Wednesday, July 1, 2009

Sexcidents Will Happen

Ooh, another hardback entry in the "sexy medieval" genre. You remember Sex with Kings, a salacious historical romp, The Other Boleyn Girl, another salacious historical romp, and of course, take your pick of erotically-charged rehashes of Camelot.

Now we have the academicky East, West and Sex, a new book that gleefully probes the tendency of Western men to patronize Asian prostitutes. Author and "rice daddy" Richard Bernstein enthusiastically flouts the wisdom of Edward Said, and agglomerates North Africa, the Middle East, South Asia, Southeast Asia, the South Pacific, China and Japan into "the East." The premise of the study is that the cliché is true and there does exist an admirable sexual permissiveness in the East that presents a lovely opportunity to "liberate" European men from their Judeo-Christian prudishness.

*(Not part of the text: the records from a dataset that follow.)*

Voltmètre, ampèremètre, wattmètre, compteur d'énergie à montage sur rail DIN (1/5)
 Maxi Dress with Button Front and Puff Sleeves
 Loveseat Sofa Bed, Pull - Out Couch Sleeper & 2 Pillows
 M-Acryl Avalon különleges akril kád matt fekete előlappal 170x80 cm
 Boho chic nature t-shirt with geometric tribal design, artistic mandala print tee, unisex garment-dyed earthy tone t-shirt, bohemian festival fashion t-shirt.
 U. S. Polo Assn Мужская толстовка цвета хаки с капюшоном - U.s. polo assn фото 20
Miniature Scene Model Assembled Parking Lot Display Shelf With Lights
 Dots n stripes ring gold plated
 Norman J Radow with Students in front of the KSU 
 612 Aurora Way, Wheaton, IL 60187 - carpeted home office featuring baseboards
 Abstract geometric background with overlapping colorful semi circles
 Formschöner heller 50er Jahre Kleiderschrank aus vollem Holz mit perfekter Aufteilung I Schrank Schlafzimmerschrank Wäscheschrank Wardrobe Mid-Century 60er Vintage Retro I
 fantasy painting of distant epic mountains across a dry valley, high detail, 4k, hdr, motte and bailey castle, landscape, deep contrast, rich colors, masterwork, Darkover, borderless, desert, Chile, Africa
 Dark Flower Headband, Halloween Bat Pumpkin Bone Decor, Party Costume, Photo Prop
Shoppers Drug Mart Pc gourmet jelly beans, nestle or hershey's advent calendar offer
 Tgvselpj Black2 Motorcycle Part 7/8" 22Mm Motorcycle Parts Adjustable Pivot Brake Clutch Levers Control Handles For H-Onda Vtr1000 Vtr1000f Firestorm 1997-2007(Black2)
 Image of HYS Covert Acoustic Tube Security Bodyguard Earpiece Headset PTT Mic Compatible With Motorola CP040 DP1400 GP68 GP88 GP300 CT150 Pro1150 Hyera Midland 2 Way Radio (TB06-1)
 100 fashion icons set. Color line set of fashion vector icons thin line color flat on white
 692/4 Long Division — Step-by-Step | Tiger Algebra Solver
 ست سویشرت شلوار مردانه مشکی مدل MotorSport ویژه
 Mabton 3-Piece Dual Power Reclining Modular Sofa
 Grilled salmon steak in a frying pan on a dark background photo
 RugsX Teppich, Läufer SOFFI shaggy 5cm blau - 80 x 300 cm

This is a laughably naive view of prostitution, and totally one-sided, as it skips right over the moral disaster of keeping sexual slaves. Laura Miller is right to point out that it's not some advanced sexual culture that beckons to Johns, Juans, and Giannis. (Even if it were, Western women should be lauded for demanding liberation even if it makes them less likely fantasy objects). The economic reality of the East-West duality is simply that our side can command more stuff from their side, hookers being similar to cheap plastic tchotchkes in this respect. An ascendant China may start to minimize the disparity between buyers and sellers--lock up your daughters, struggling British financiers!

This WSJ review takes the book completely on its own terms, as a self-serving justification of abhorrent exploitation. For a glimpse inside the moral reasoning of today's high-financial world, feast on this incredible excerpt:

There may have been -- and may still be -- an inequality of bargaining power in many of the sexual transactions in question.

Really? An inequality of bargaining power between a globetrotting merchant and a harem girl? Perish the thought!

Elsewhere Johann Hari identifies the irony of these transactions' long-term cultural effect: although harems may have helped to loosen up visiting Venetians, it was the missionaries that won the argument--puritanism has successfully taken root in Arabia, India and points east. The Slate reviewer also makes the connection between the sexcapades of American soldier/suitors in Vietnam and the long, shameful bloodbath that occurred there. To say nothing of the rape that created Latin America. Would Bernstein say that opening up Western libido is worth the human cost of colonialism? Because that would make him a total perv.

Whatever the advance on Bernstein's book deal was, I will double it if he will go to Thailand, set up shop in a tin-roof shack, and celebrate the happy communion of cultures by pleasuring whatever strangers force themselves on him.